**** Given material
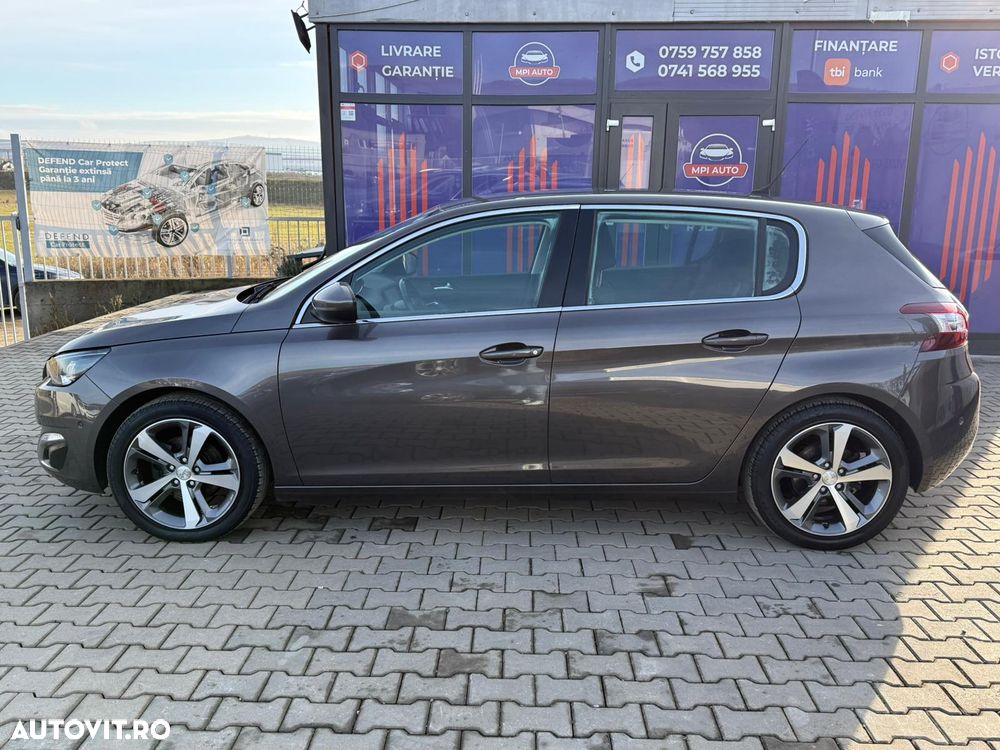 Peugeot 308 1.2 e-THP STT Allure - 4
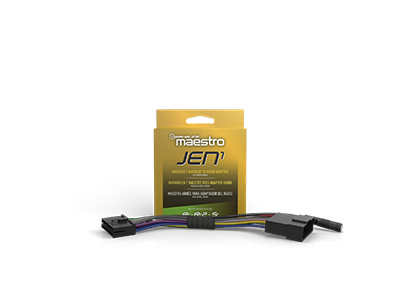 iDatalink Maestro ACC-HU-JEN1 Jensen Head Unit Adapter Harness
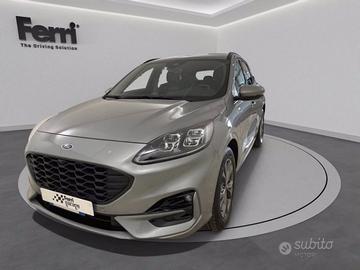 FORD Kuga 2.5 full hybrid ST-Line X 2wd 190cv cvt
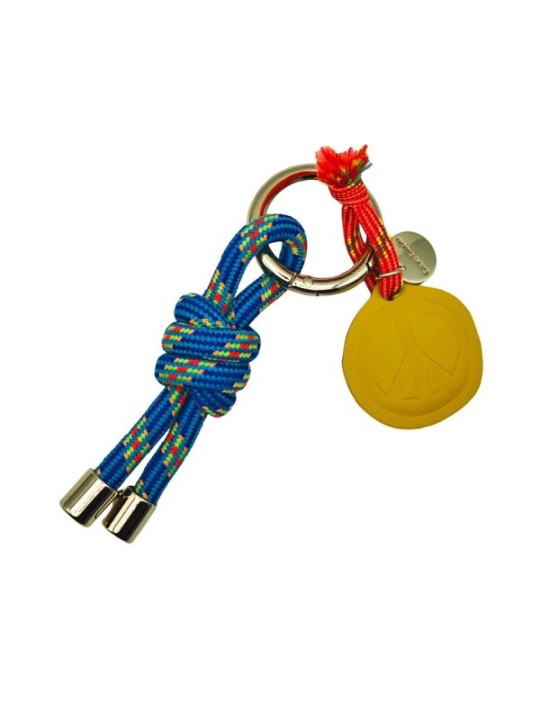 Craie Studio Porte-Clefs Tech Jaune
********
■ **Exercise**
Every line above should be transcribed exactly, though no image should be carried over.

■ **Answer box**
 Peugeot 308 1.2 e-THP STT Allure - 4
 iDatalink Maestro ACC-HU-JEN1 Jensen Head Unit Adapter Harness
 FORD Kuga 2.5 full hybrid ST-Line X 2wd 190cv cvt
 Craie Studio Porte-Clefs Tech Jaune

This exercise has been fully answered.